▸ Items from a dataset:
━━━━

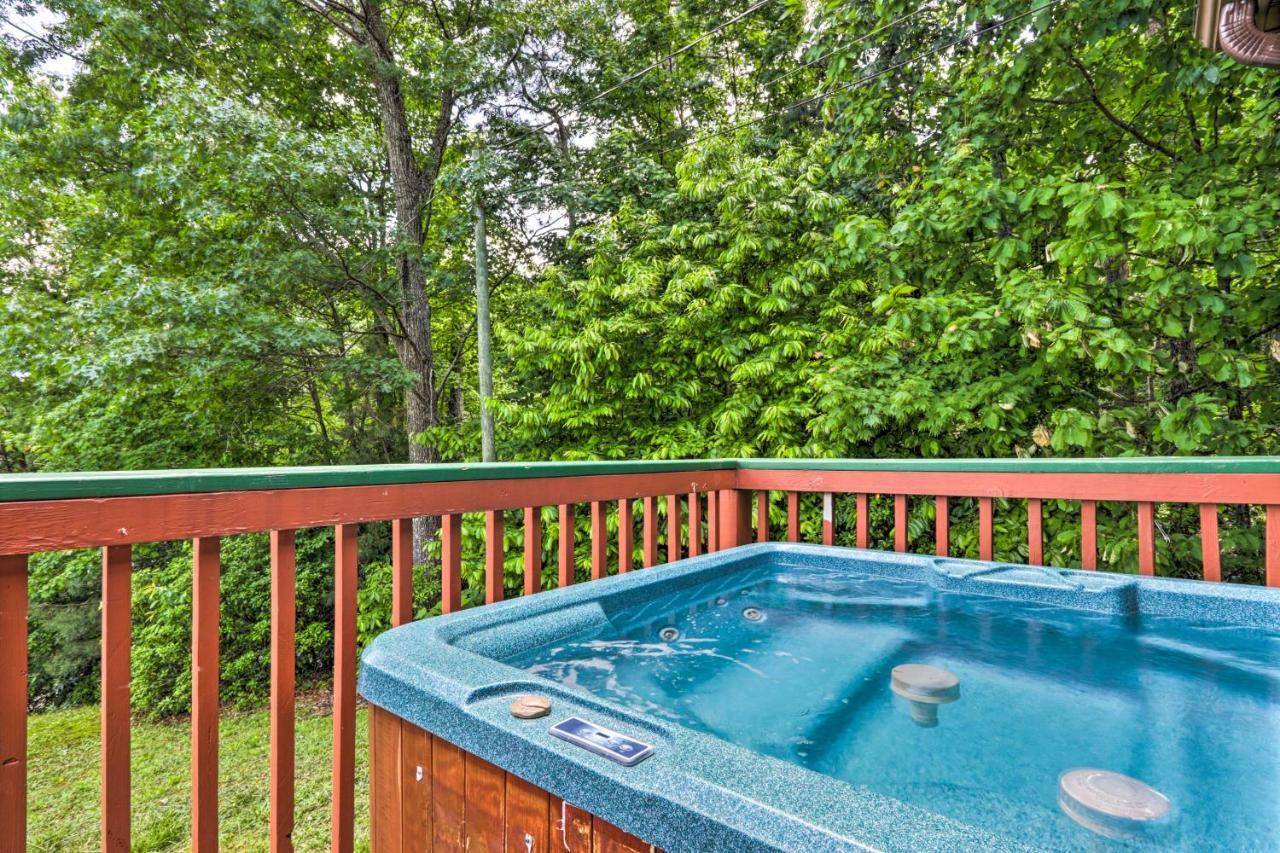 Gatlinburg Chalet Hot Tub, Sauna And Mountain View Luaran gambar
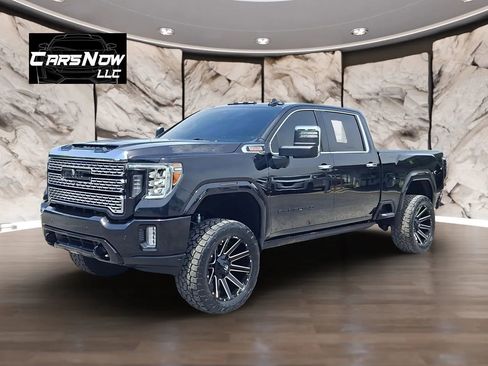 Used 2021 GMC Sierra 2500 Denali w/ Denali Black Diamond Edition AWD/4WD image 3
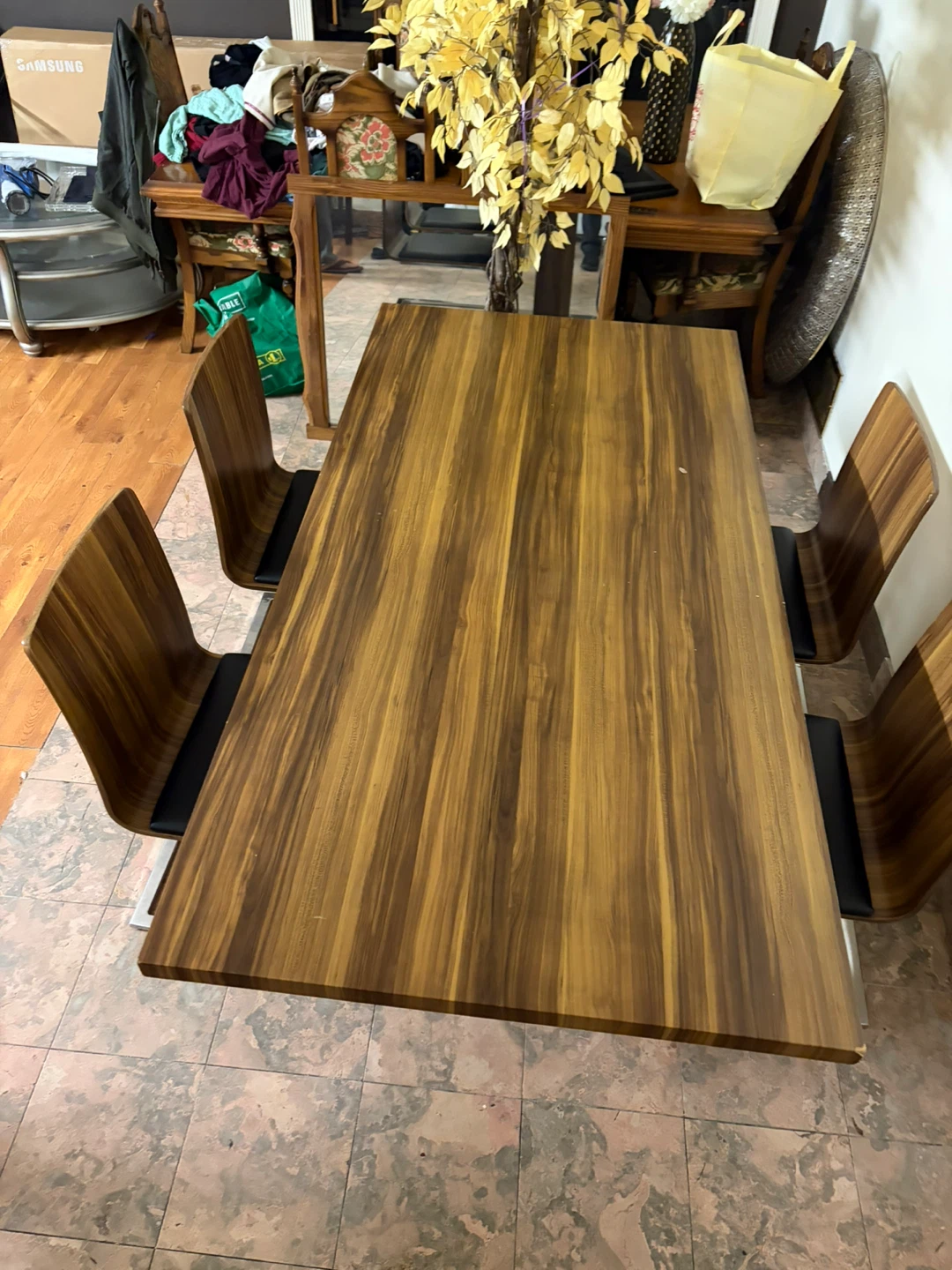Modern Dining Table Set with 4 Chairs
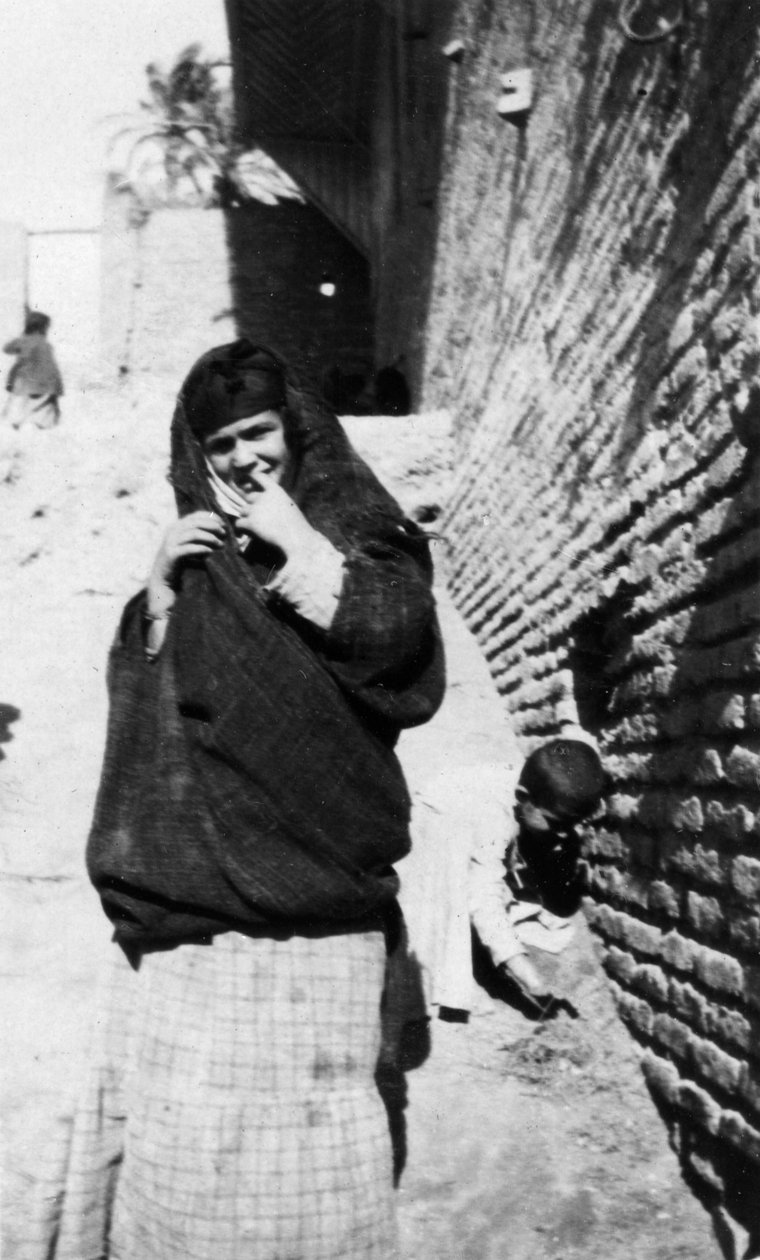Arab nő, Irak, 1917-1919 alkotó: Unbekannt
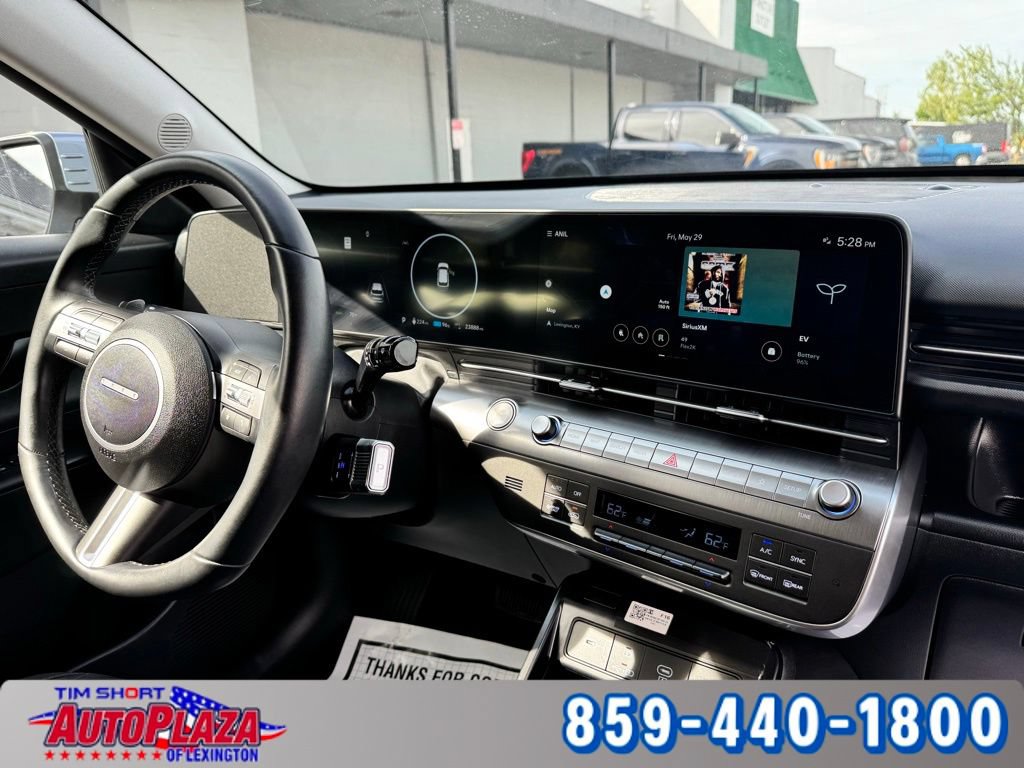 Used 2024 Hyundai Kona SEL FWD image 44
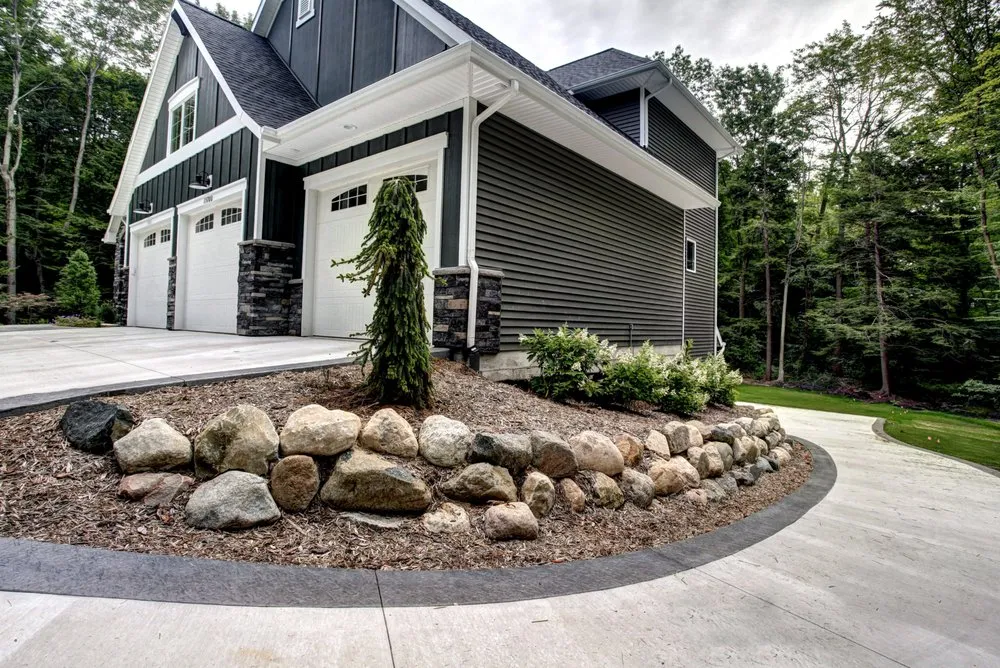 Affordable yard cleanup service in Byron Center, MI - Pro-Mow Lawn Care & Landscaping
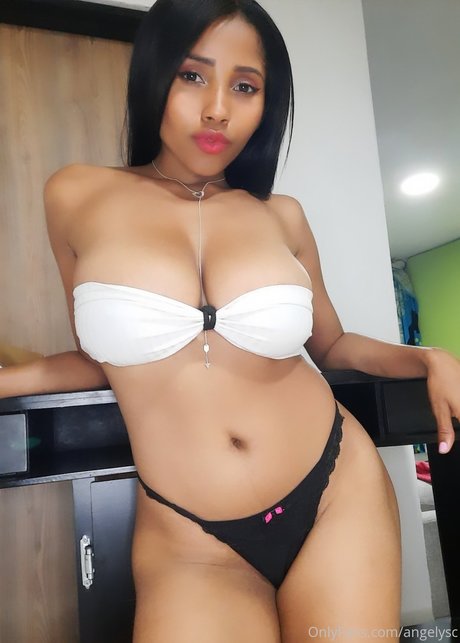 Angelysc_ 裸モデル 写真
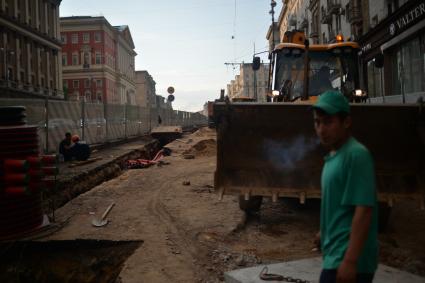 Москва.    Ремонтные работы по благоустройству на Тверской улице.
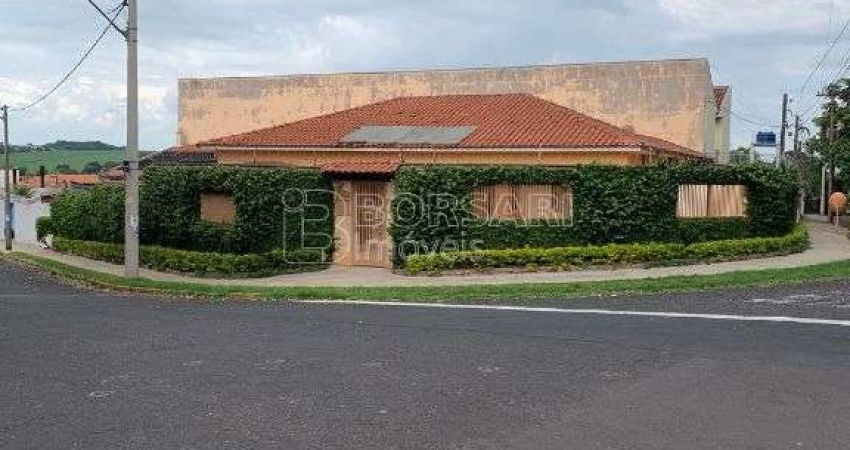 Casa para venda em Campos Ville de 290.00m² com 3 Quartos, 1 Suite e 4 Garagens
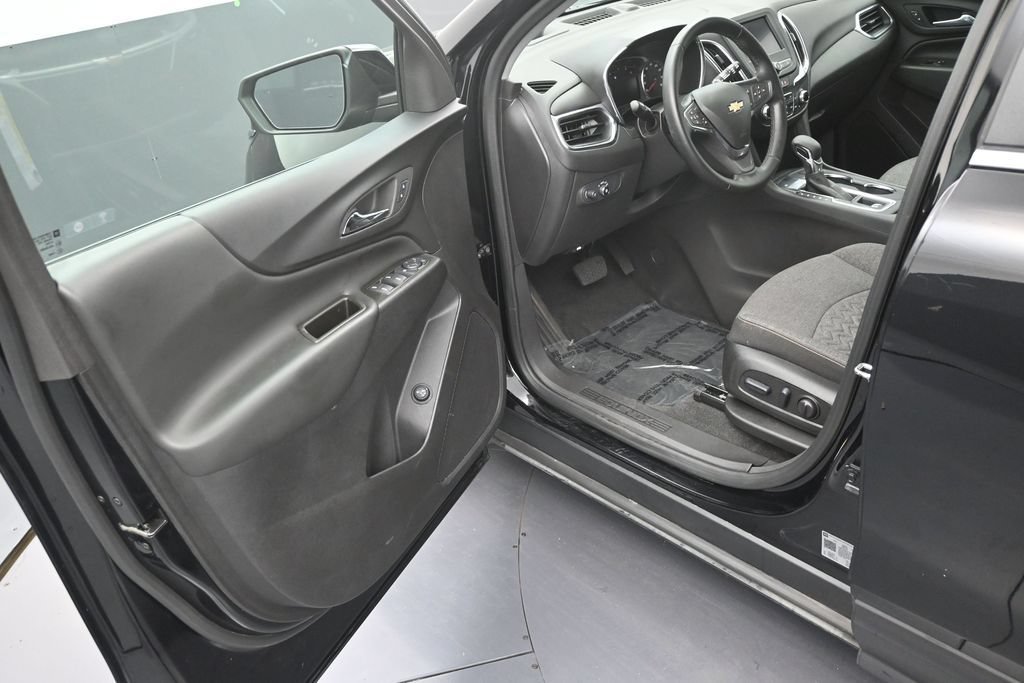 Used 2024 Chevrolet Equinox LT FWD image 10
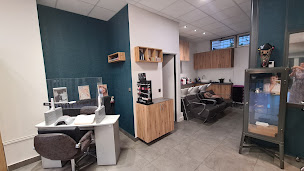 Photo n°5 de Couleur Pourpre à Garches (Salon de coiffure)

━━━━

▸ WHAT THE EXERCISE ASKS: Reproduce every line of the data above, exactly as it stands, but not the pictures.

▸ COMPLETED EXERCISE:
 Gatlinburg Chalet Hot Tub, Sauna And Mountain View Luaran gambar
 Used 2021 GMC Sierra 2500 Denali w/ Denali Black Diamond Edition AWD/4WD image 3
Modern Dining Table Set with 4 Chairs
Arab nő, Irak, 1917-1919 alkotó: Unbekannt
 Used 2024 Hyundai Kona SEL FWD image 44
 Affordable yard cleanup service in Byron Center, MI - Pro-Mow Lawn Care & Landscaping
 Angelysc_ 裸モデル 写真
 Москва.    Ремонтные работы по благоустройству на Тверской улице.
 Casa para venda em Campos Ville de 290.00m² com 3 Quartos, 1 Suite e 4 Garagens
 Used 2024 Chevrolet Equinox LT FWD image 10
 Photo n°5 de Couleur Pourpre à Garches (Salon de coiffure)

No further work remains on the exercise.